== WHAT YOU SHOULD DO ==
All of the records below are to be output exactly; no image belongs in the result.

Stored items
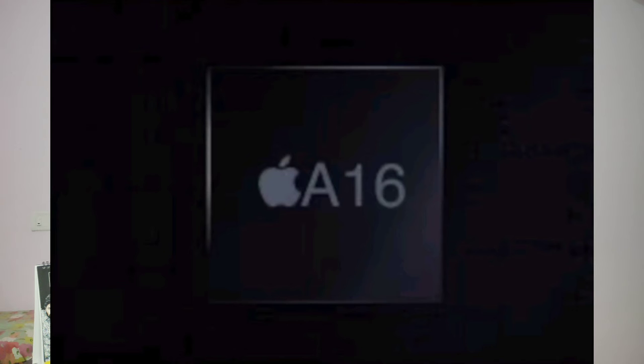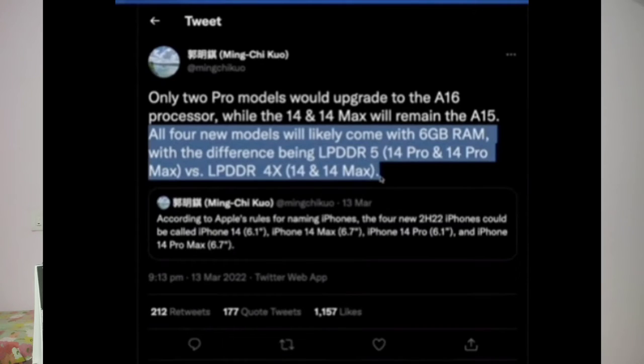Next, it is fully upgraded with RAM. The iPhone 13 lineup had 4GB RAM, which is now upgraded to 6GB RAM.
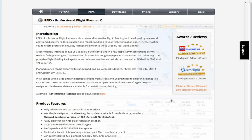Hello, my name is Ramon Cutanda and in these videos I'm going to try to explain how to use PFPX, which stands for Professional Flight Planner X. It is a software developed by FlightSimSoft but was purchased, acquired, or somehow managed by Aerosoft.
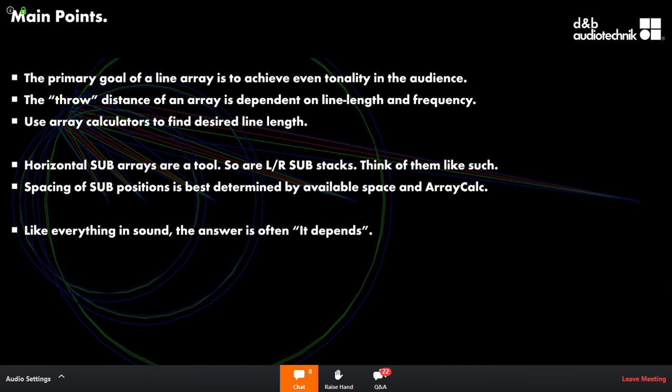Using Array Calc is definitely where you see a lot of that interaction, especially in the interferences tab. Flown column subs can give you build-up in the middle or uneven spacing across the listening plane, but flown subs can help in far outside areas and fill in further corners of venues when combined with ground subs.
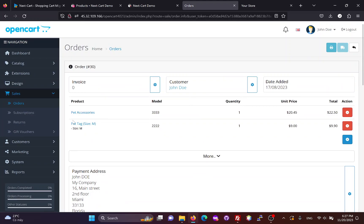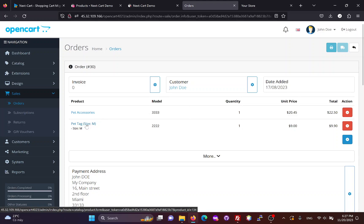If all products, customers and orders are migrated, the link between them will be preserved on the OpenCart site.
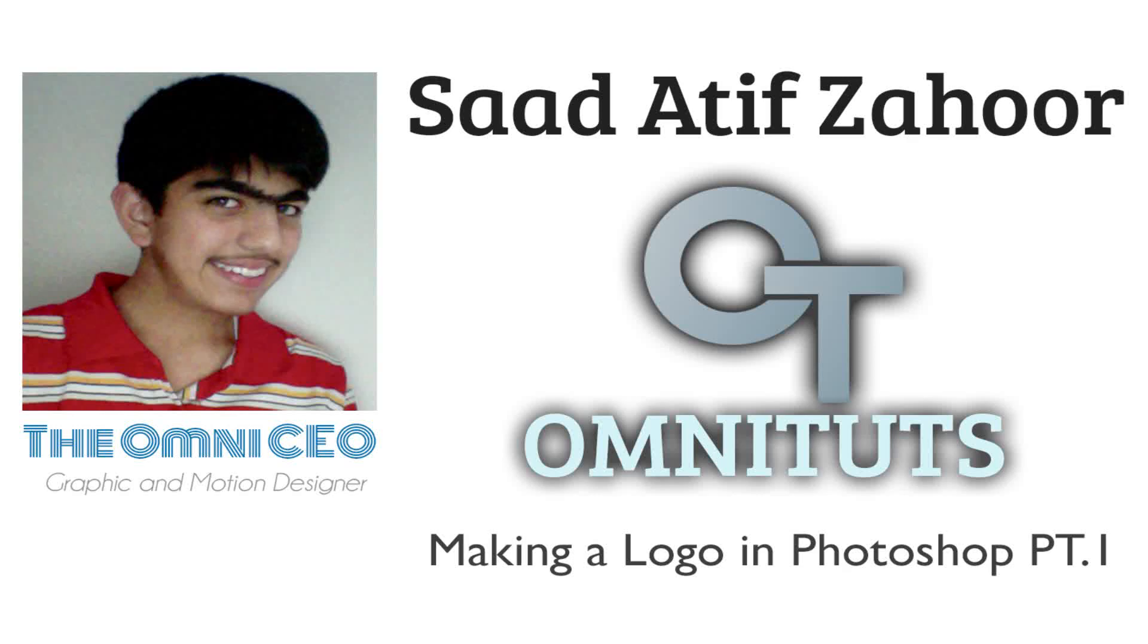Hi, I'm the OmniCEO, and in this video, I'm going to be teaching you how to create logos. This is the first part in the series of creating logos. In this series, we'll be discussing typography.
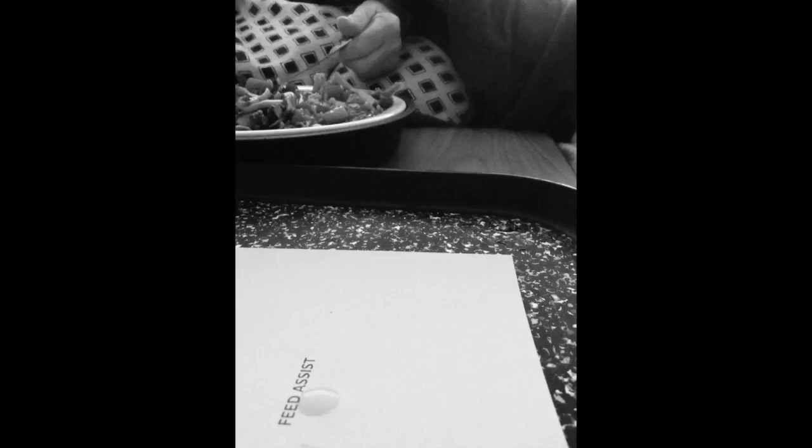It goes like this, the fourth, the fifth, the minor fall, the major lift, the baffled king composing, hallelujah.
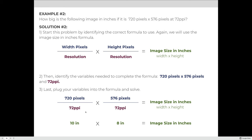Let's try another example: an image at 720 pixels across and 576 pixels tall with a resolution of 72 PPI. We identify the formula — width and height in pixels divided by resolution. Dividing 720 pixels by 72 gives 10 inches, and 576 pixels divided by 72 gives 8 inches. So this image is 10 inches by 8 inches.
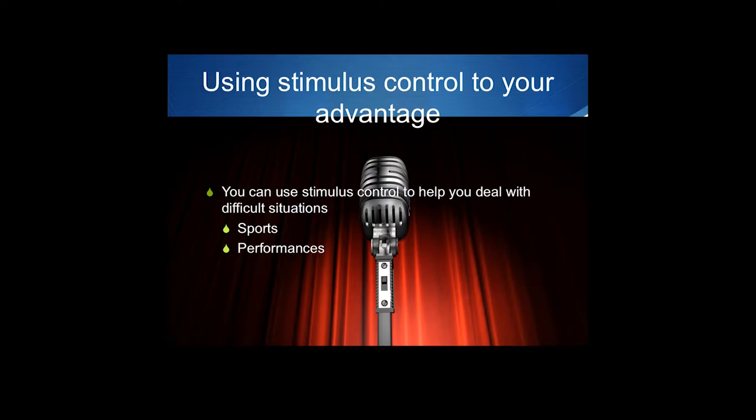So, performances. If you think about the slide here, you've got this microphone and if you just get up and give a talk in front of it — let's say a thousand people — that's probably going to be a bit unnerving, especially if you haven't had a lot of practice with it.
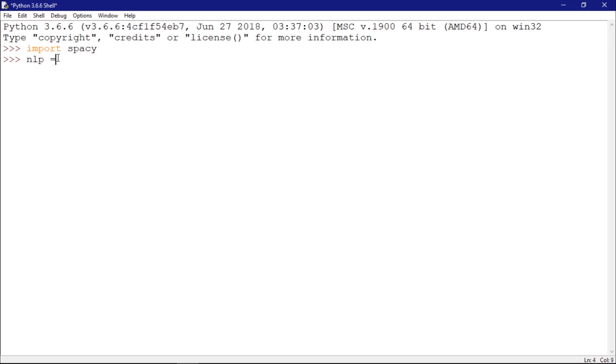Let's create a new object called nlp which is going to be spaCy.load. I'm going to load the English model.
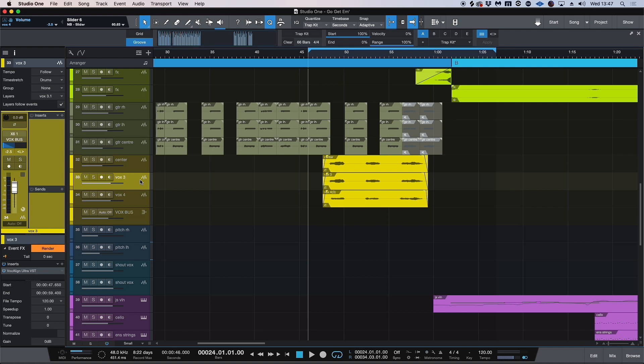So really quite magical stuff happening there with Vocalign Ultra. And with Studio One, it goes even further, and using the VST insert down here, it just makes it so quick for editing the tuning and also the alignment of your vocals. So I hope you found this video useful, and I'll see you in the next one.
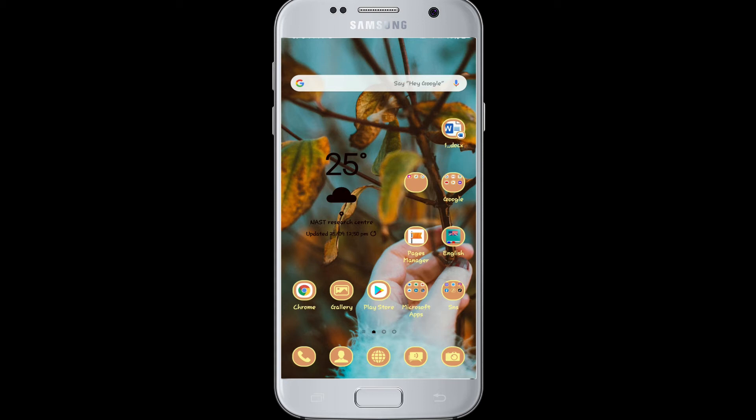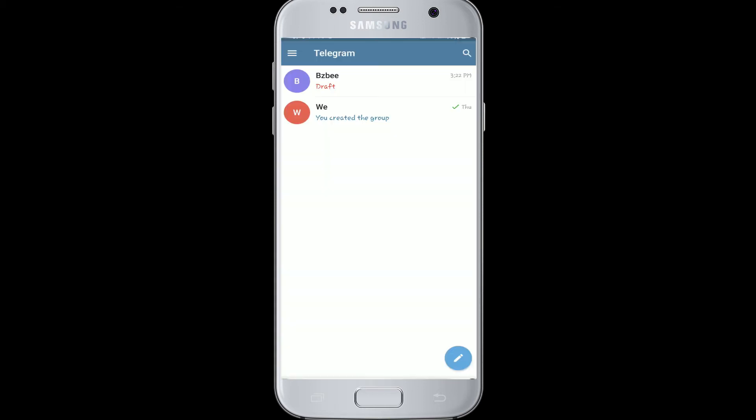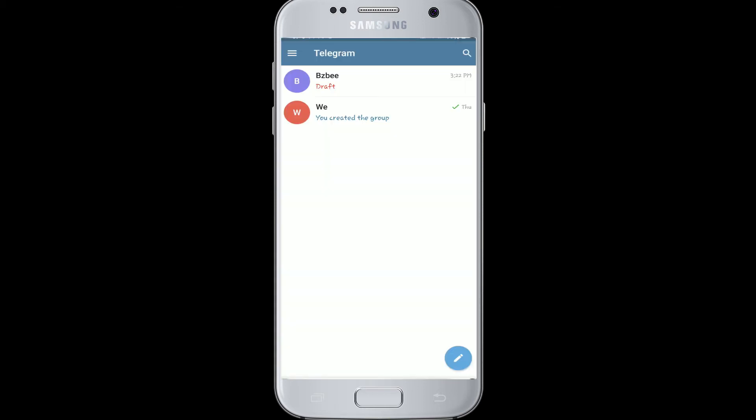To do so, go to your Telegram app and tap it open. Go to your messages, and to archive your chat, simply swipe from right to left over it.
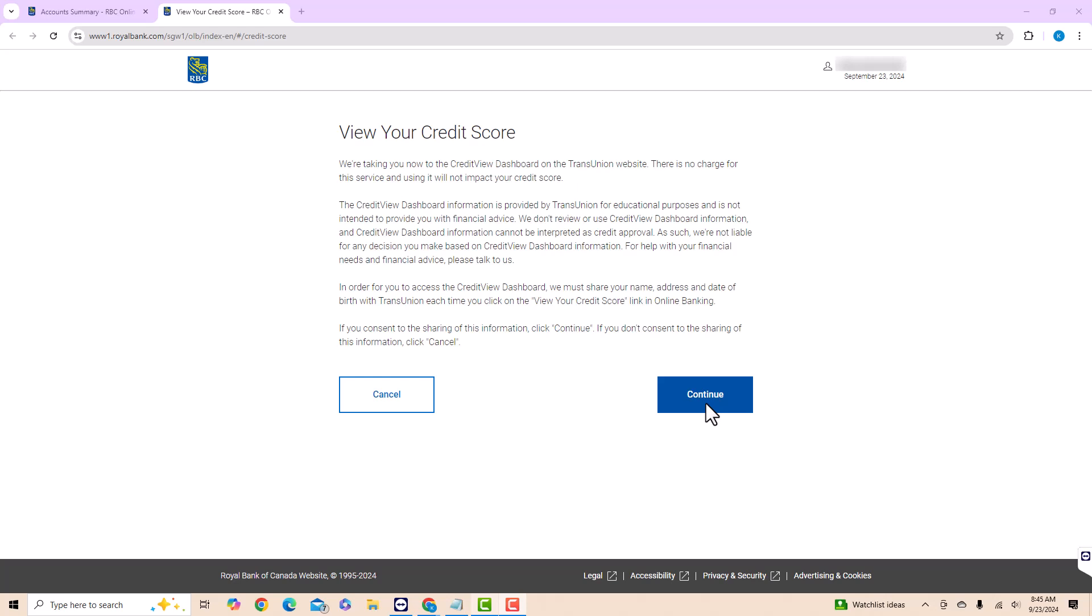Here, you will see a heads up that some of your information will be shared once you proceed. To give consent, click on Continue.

== SOLVED EXERCISE ==
Next, it is fully upgraded with RAM. The iPhone 13 lineup had 4GB RAM, which is now upgraded to 6GB RAM.
Hello, my name is Ramon Cutanda and in these videos I'm going to try to explain how to use PFPX, which stands for Professional Flight Planner X. It is a software developed by FlightSimSoft but was purchased, acquired, or somehow managed by Aerosoft.
Using Array Calc is definitely where you see a lot of that interaction, especially in the interferences tab. Flown column subs can give you build-up in the middle or uneven spacing across the listening plane, but flown subs can help in far outside areas and fill in further corners of venues when combined with ground subs.
If all products, customers and orders are migrated, the link between them will be preserved on the OpenCart site.
Hi, I'm the OmniCEO, and in this video, I'm going to be teaching you how to create logos. This is the first part in the series of creating logos. In this series, we'll be discussing typography.
It goes like this, the fourth, the fifth, the minor fall, the major lift, the baffled king composing, hallelujah.
Let's try another example: an image at 720 pixels across and 576 pixels tall with a resolution of 72 PPI. We identify the formula — width and height in pixels divided by resolution. Dividing 720 pixels by 72 gives 10 inches, and 576 pixels divided by 72 gives 8 inches. So this image is 10 inches by 8 inches.
So, performances. If you think about the slide here, you've got this microphone and if you just get up and give a talk in front of it — let's say a thousand people — that's probably going to be a bit unnerving, especially if you haven't had a lot of practice with it.
Let's create a new object called nlp which is going to be spaCy.load. I'm going to load the English model.
So really quite magical stuff happening there with Vocalign Ultra. And with Studio One, it goes even further, and using the VST insert down here, it just makes it so quick for editing the tuning and also the alignment of your vocals. So I hope you found this video useful, and I'll see you in the next one.
To do so, go to your Telegram app and tap it open. Go to your messages, and to archive your chat, simply swipe from right to left over it.
Here, you will see a heads up that some of your information will be shared once you proceed. To give consent, click on Continue.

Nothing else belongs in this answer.